Well, maybe not. Increasingly, big-budget movies are flopping, while smaller movies are earning a much greater return on investment. The most extreme example of this has been "The Blair Witch Project," a
movie made for under $US50,000 plus post-production costs, purchased for $US1.1 million and projected to make more than $US100 million. Not only does this movie have no stars, but its marketing strategy was completely
counter to Hollywood's conventional wisdom, concentrating as it did on the Internet, college campuses and the alternative press rather than on major media.

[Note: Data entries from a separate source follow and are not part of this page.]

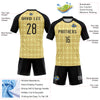 Custom Neon Yellow Black-White Geometric Shape Sublimation Volleyball Uniform Jersey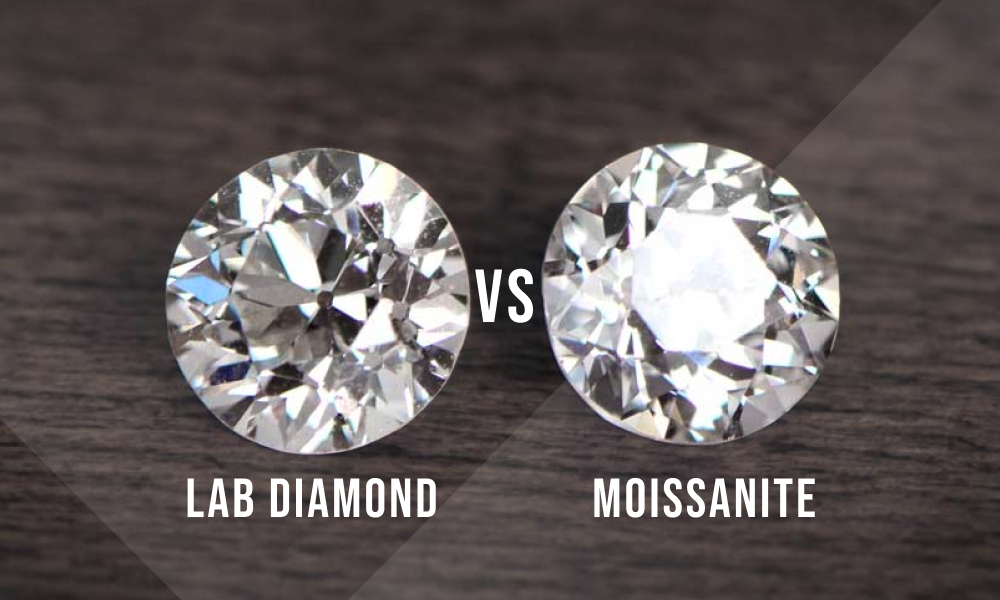 Lab-grown diamonds vs moissanite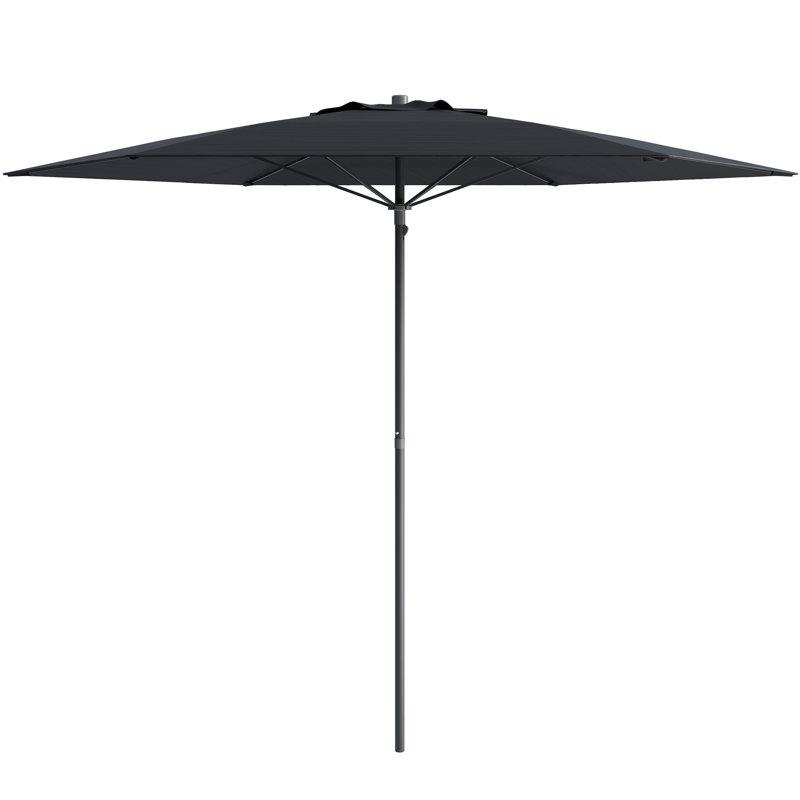 Parasol de plage 7,5 pi Brennen, Noir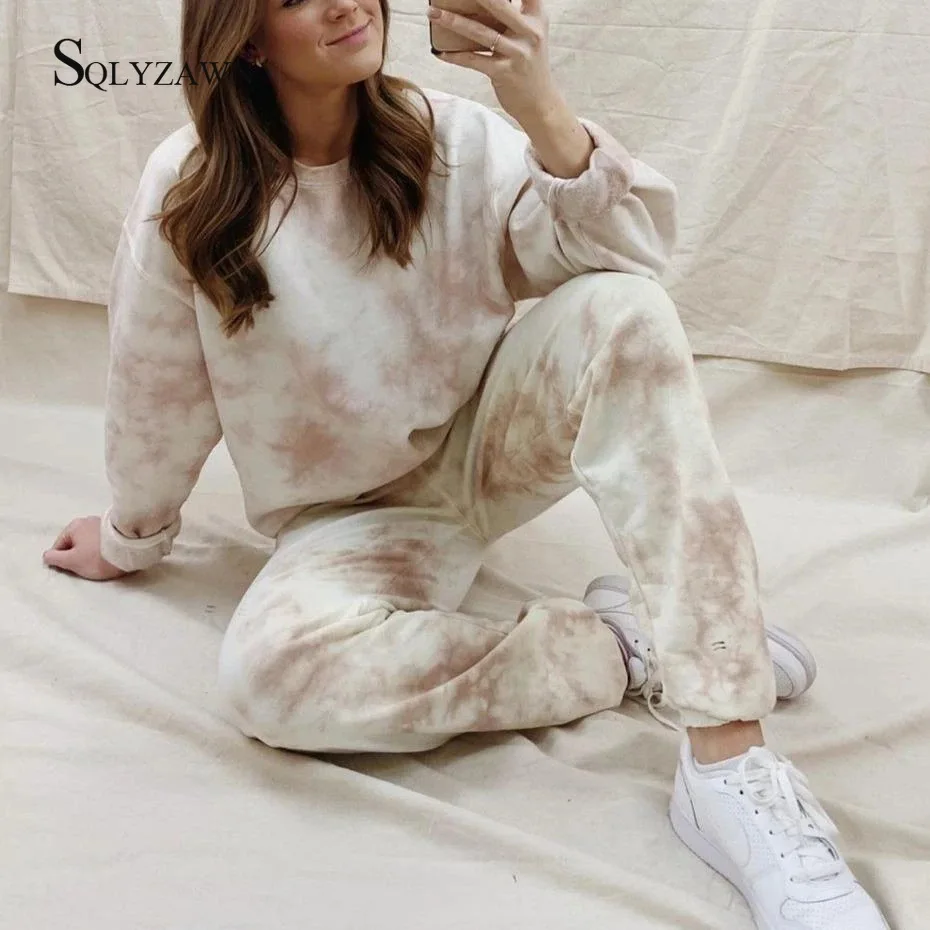 tie dye tracksuit set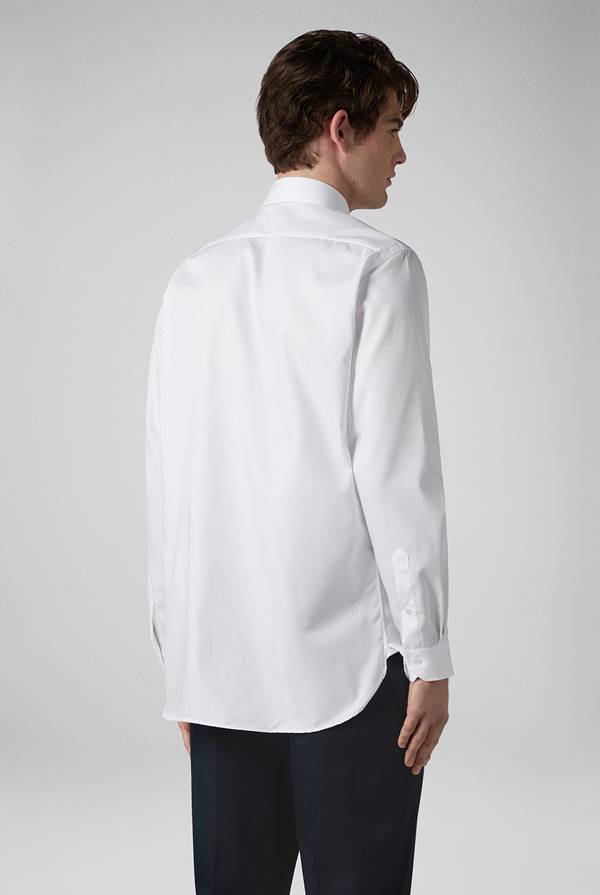 Pal Zileri Camicia azzurra in cotone con collo Milano Negozio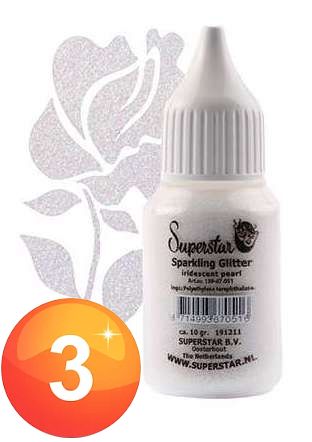 Superstar Sparkling Glitzer Indecent Pearl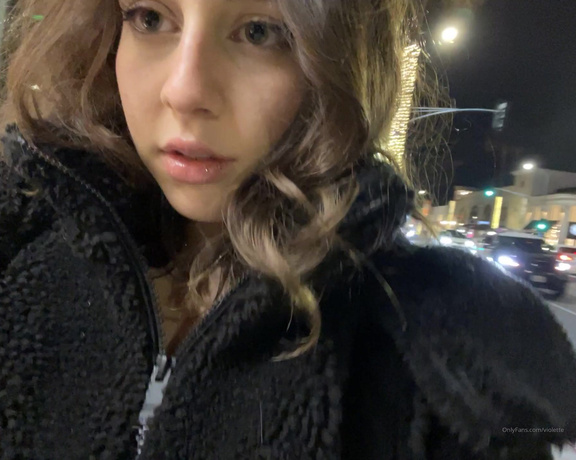 Princess Violette aka violette OnlyFans - I made 10k draining bitches while walking around and having dinner in bev hills last night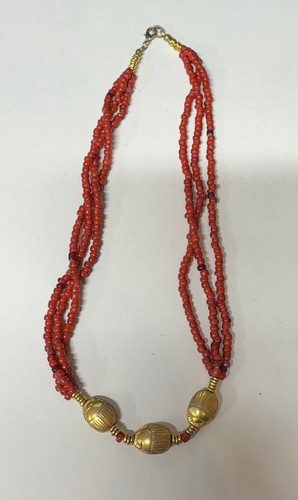 Coral red multi strand - coral, multi-strand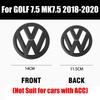 For VW VOLKSWAGEN New Non-destructive Car Front Radiateor Badge Stickers Rear Trunk Lid Badge Decal For Volkswagen Golf 7.5 VW M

But this weirdo strategy created a buzz of anticipation among key opinion-leaders. And if this strategy can work for a movie, then it can probably work for anything. "Blair Witch" suggests that a good PR or
marketing campaign can work by concentrating scarce resources on influential niches and letting word of mouth carry the message from there. This is especially true for those of us trying to reach specialized audiences
in the first place. New marketing research The March 14 issue of
The Economist
dwelled on Lord Leverhulme's famous words, "Half of my advertising is wasted -- the trouble is, I don't know which half." Or, more exactly, it looked at why only a third of promotions pay for themselves, specifically promotions built on discounts.
- A study from Purdue University now suggests that marketing by discounting prices has little lasting effect on sales volumes. For a product like detergent, customers simply wait for the sales and stock up,
expecting ever deeper discounts every time.
- Worse still, a study from South Bank University in Britain found that sales don't bring in new customers, but simply reward existing ones.
Thinking of expanding your offering instead? Think again. Yale University found that increasing choice in a product line only paralyses potential customers, who then buy nothing at all. The Harvard Business
School found that customers prefer greater choice only if it is along one factor, such as price or size. Meanwhile, a study by CDB Research & Consulting in the United States suggests that only a quarter of
supermarket shoppers notice point-of-purchase displays. Of these, only two in five will actually buy, and these tend to be young, single and less affluent. Pepsi contest backfires Contests aren't a laughing matter. Ask Pepsi.Its Pepsi Stuff promotion was meant
to entice Generation-Xers with prizes that could be earned with points from purchases. You could get a T-shirt for 80 points, a leather jacket for 1,200 points&ldots;and a Harrier jet for seven million points. Ha,
ha, ha. Who could gather seven million points? Enter Seattle student John Leonard, who used a legal loophole that let him buy points. Claiming that the jet was a joke, Pepsi offered Leonard all of three cases of Pepsi
instead. Leonard sued. He may not win, but the national embarrassment leaves the score: Gen-X: 1; Corporate America: -7,000,000. Be alarmed
Gerald Michaelson, in Building Bridges to Customers,
suggests viewing customer problems with ALARM: apologize, leap into action, ask for advice, refuse to argue, make amends.